* **Work instructions**
Retype the whole listing, please, keeping every line exact and dropping the pictures.

* **Provided data**
....................

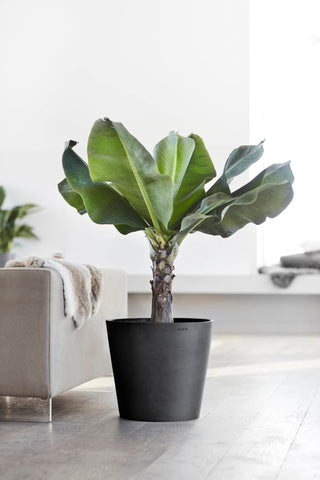 5411942740643_92-Amsterdam-40-Dark-Grey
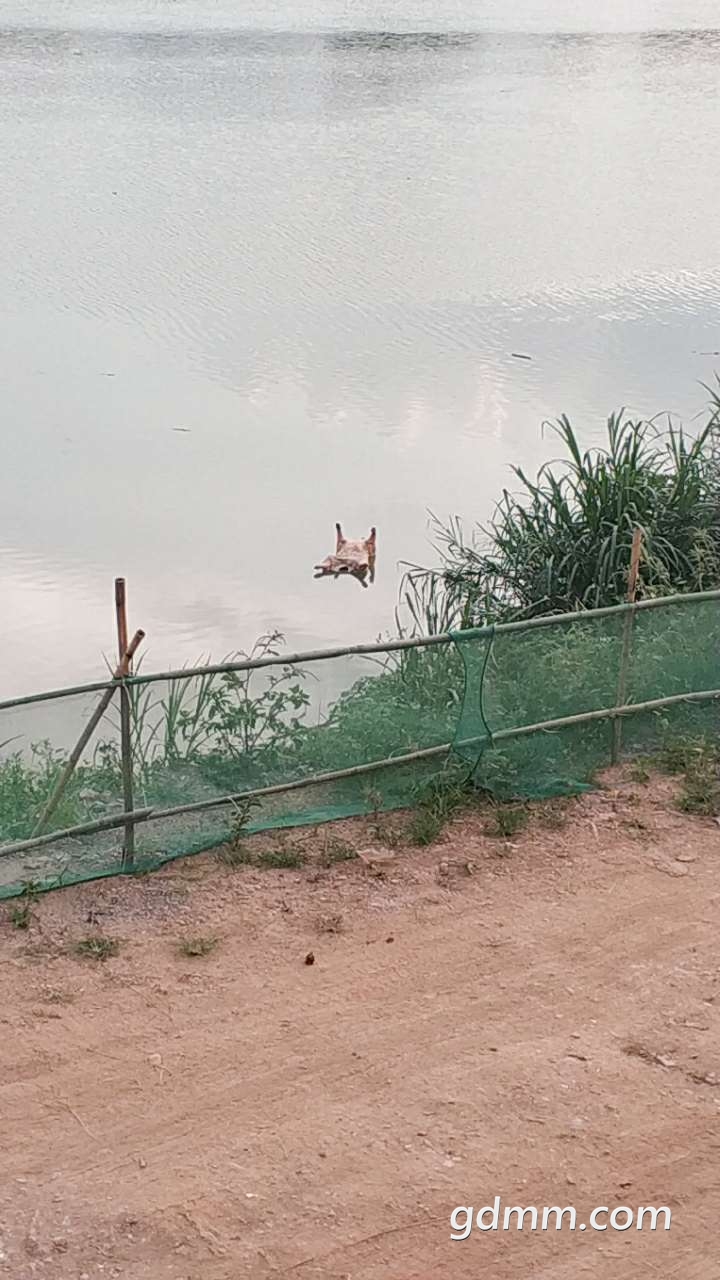20190515_3273798_1557918211335.jpg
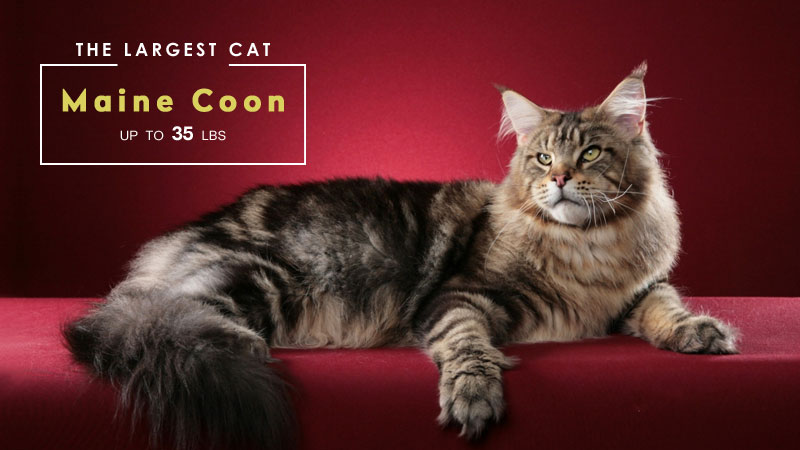 Largest Domestic Cat Breeds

....................

* **Task solution**
 5411942740643_92-Amsterdam-40-Dark-Grey
20190515_3273798_1557918211335.jpg
 Largest Domestic Cat Breeds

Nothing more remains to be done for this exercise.